The Upper House in Hong Kong swiftly followed, designed Cambridge trained architect Andre Fu, who transformed the 38th to 49th floors of a high-rise above the Thomas Heatherwick designed Pacific Place mall (also owned by Swire) into an oasis of sleek design. Fu also offered guests a more experiential take on luxury hospitality starting from an upward journey on the main escalator ascending through a low-lit wooden tunnel, signalling a departure from the Hong Kong’s relentless pace to the discreet room check in by the hotel’s “guest experience team” who make themselves available.
The visually innovative Temple House was completed in 2015, a sensitive and profoundly designed property which was a tour de force by MAKE Architects and complemented Chengdu’s landscape and rich history.
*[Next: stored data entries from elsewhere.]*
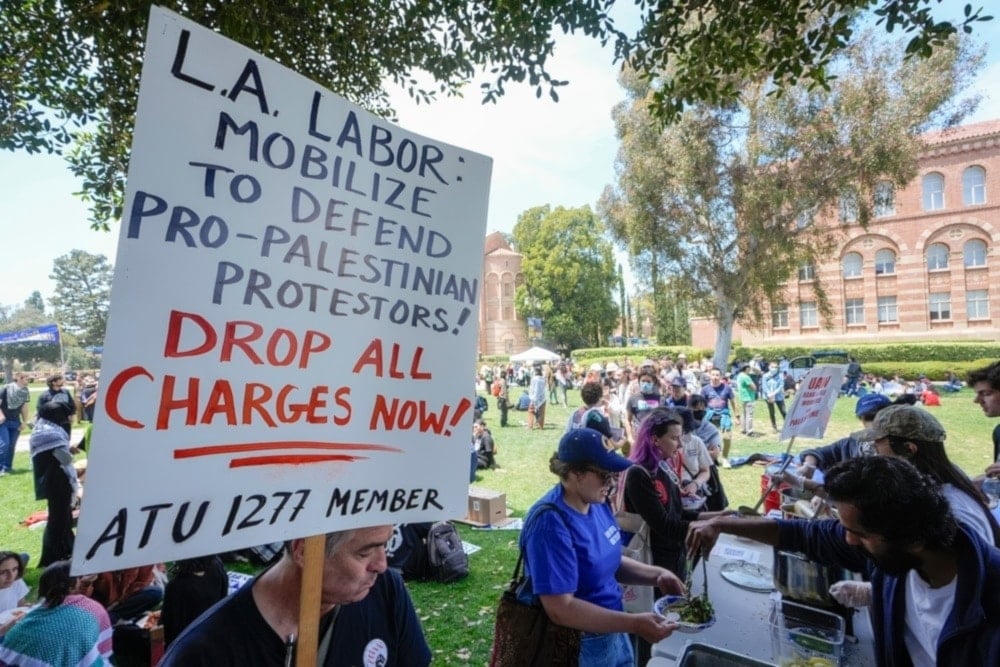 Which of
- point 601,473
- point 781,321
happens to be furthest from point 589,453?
point 781,321

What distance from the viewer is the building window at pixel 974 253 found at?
105ft

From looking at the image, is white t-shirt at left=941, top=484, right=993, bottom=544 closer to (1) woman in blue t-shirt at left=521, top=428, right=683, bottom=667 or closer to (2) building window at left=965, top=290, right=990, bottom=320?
(1) woman in blue t-shirt at left=521, top=428, right=683, bottom=667

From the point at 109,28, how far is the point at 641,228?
745 inches

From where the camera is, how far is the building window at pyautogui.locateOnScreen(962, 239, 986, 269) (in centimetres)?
3212

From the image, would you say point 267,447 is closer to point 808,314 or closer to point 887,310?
point 808,314

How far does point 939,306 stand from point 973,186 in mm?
7606

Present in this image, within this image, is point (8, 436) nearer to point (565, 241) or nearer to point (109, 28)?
point (109, 28)

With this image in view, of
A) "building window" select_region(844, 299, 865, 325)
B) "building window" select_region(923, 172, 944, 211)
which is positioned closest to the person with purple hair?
"building window" select_region(844, 299, 865, 325)

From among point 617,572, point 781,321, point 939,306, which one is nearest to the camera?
point 617,572

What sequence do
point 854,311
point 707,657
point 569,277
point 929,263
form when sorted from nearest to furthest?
point 707,657
point 929,263
point 854,311
point 569,277

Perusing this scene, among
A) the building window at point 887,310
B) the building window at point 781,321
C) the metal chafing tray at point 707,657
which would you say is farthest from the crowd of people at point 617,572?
the building window at point 887,310

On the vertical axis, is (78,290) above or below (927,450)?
above

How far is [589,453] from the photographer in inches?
95.3

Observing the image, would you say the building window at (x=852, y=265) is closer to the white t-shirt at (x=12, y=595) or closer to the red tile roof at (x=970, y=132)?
the red tile roof at (x=970, y=132)
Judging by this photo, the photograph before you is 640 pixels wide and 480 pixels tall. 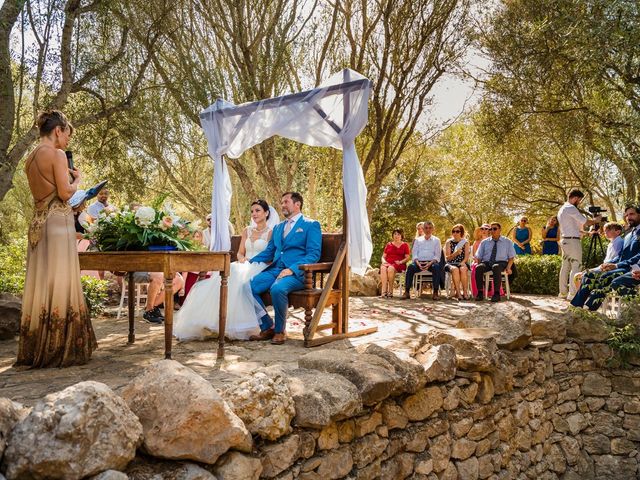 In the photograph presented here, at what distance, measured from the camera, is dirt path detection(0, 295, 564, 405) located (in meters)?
3.90

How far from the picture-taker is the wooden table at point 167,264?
4625 mm

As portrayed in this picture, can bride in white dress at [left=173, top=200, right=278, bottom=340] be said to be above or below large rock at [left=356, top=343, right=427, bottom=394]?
above

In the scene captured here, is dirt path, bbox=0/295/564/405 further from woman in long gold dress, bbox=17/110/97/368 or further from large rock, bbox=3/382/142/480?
large rock, bbox=3/382/142/480

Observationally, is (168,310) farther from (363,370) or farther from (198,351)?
(363,370)

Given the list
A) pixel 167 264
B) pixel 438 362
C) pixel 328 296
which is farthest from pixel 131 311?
pixel 438 362

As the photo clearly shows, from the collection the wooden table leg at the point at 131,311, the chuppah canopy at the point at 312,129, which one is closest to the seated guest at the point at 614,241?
the chuppah canopy at the point at 312,129

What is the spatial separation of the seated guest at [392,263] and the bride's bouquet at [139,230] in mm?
6429

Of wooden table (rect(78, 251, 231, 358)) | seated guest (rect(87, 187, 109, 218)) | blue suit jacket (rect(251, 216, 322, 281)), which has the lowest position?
wooden table (rect(78, 251, 231, 358))

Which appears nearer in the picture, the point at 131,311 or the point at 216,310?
the point at 131,311

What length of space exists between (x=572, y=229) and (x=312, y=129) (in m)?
5.80

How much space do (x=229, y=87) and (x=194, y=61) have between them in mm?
932

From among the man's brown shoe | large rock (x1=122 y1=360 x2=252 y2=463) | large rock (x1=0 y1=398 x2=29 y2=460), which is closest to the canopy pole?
the man's brown shoe

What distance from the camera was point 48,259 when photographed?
4.26 meters

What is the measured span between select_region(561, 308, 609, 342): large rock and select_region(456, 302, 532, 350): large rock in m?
1.09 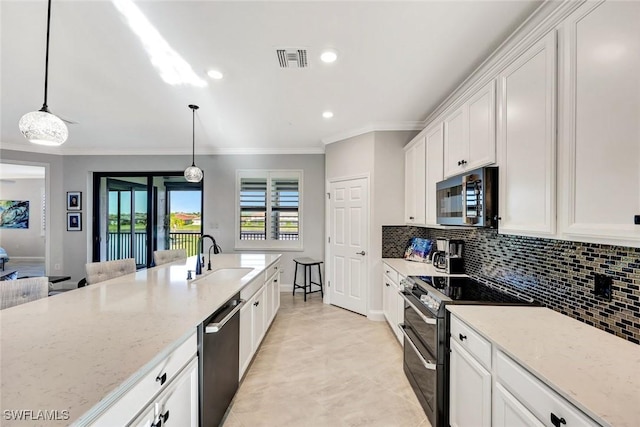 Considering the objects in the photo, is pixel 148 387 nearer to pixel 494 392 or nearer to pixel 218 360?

Located in a restored Qing Dynasty heritage building and using traditional Chengdu architectural elements of timber, stone, and brick, Temple House offers a contemporary interpretation of a typical Chinese courtyard house configuration, with two slender L-shaped blocks surrounding a secluded landscaped inner area.
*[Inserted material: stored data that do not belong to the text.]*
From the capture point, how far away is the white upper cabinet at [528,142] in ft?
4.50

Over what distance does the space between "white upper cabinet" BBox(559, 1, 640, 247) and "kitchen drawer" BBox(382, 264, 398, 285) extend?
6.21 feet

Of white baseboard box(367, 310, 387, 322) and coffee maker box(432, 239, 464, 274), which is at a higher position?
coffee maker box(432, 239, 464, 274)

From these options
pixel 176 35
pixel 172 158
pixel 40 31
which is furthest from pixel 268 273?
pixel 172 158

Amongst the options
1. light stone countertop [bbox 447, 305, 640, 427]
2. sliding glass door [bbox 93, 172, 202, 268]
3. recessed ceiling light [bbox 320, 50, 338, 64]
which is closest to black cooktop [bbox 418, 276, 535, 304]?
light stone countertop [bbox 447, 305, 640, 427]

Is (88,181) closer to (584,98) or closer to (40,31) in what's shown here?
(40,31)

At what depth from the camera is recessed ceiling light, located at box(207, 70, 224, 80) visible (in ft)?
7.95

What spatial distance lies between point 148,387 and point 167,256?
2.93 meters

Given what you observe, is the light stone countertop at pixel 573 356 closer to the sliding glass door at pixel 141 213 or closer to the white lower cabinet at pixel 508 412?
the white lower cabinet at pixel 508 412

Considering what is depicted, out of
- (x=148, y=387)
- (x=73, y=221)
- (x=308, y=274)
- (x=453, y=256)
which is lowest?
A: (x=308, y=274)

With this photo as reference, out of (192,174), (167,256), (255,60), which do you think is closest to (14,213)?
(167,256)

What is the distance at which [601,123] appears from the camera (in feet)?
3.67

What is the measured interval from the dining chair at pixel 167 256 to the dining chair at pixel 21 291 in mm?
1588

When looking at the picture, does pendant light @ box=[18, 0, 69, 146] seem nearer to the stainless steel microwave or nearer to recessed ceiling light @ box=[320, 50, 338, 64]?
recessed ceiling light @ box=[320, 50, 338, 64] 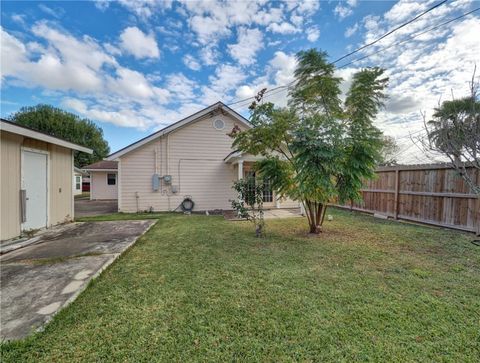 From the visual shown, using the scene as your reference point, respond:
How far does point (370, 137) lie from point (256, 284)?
474 cm

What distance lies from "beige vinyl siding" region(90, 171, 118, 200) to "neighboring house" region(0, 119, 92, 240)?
36.4ft

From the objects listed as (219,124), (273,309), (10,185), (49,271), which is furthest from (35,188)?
(219,124)

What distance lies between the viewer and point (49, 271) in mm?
3775

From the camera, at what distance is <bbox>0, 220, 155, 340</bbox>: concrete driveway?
2547 mm

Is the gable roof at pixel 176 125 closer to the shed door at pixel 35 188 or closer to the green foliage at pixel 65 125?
the shed door at pixel 35 188

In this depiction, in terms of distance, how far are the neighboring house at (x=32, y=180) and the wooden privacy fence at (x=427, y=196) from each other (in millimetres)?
9415

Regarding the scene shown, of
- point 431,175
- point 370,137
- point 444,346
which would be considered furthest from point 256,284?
point 431,175

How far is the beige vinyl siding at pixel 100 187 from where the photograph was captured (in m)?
18.3

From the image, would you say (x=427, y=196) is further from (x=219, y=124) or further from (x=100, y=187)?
(x=100, y=187)

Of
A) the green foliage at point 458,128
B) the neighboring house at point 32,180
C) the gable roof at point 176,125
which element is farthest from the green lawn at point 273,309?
the gable roof at point 176,125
With three successful properties under its belt, it would seem that the fundamental philosophy of Swire Hotel’s The House Collective which set out to create “small, beautifully designed luxury properties that appeal to those who desire an intimate and personalised experience with impeccable service” is very evident.
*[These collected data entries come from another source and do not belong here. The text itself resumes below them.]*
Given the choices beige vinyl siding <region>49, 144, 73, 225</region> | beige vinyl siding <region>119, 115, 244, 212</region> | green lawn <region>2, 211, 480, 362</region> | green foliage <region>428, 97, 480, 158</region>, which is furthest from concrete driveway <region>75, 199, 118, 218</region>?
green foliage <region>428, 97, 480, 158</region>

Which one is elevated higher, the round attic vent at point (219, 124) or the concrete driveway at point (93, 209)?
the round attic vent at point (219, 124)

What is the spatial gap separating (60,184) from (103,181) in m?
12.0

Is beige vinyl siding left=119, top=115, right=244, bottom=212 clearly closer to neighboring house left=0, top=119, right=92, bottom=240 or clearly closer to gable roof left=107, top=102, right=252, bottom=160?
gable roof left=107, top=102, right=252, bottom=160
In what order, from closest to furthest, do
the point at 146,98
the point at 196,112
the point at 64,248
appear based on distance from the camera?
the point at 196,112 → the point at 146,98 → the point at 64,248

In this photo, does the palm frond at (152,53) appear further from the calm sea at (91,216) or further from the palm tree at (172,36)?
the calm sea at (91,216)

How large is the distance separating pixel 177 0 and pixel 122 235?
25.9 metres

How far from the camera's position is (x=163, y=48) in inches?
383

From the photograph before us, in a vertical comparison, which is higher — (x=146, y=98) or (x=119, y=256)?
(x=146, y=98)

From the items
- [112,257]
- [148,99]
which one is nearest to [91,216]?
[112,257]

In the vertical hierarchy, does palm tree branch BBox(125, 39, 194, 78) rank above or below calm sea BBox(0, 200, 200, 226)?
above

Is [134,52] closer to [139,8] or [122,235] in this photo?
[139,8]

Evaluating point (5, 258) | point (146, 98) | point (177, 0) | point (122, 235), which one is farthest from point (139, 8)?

The choices of designers for said properties, while never expected, has been inspired and one wonders if there a particular set of requirements or certain qualities that Swire Hotels looks for in headlining the project.
Winter weighs in: “The House Collective brand is all about being soulfully individual and this is also expressed through the hotel design concepts. We believe in having each hotel designed for seasoned travellers who seek a different, intimate and personalised experience. Each with its own sense of style, inspired by the distinctive location which gives each hotel it’s very own unique identity yet there’s a consistent flair that connects across the houses.” To date, Winter reveals that of among The House Collective, The Upper House is the most famous, being a popular venue in the heart of dynamic Hong Kong.
This year, Shanghai got its own “House” with The Middle House situated in the heart of the city’s historic Dazhongli neighbourhood and in close proximity to the fashionable Nanjing Road (West). Situated within a 14-story tower semi-circular tower with a moody facade, veteran Italian architect Piero Lissoni was chosen to dress the interiors of the 111 rooms and took inspiration from Shanghai’s heritage of craftsmanship. For this new property, Winter explains that apart from the design, the F&B outlets have been playing a part in its success: “The Middle House has three F&B options: Café Gray Deluxe spearheaded by New- York based chef Gray Kunz, FRASCA, an Italian eatery offering authentic Italian cuisine and Sui Tang Li, a creative and contemporary Chinese cuisine featuring the best flavours from across the country.”
Despite the challenges of operating inChina, The House Collective has become known for their impeccable service and thoughtful details which in a market asdiverse as China is no easy task. Winter explains that the integral DNA of the group of individualistic experiences is an advantage in this respect: “In a way, the diverse market works to our advantage as we don’t offer ‘cookie cutter’ services across. Instead we encourage our people to be spontaneous, offering personalised services and experiences beyond simply the hotel stay.”
From amazing architecture to intriguing interiors, flawless service to exciting f&B outlets, it would seem that Swire Hotels have found the magic combination of how to turn a house into a home.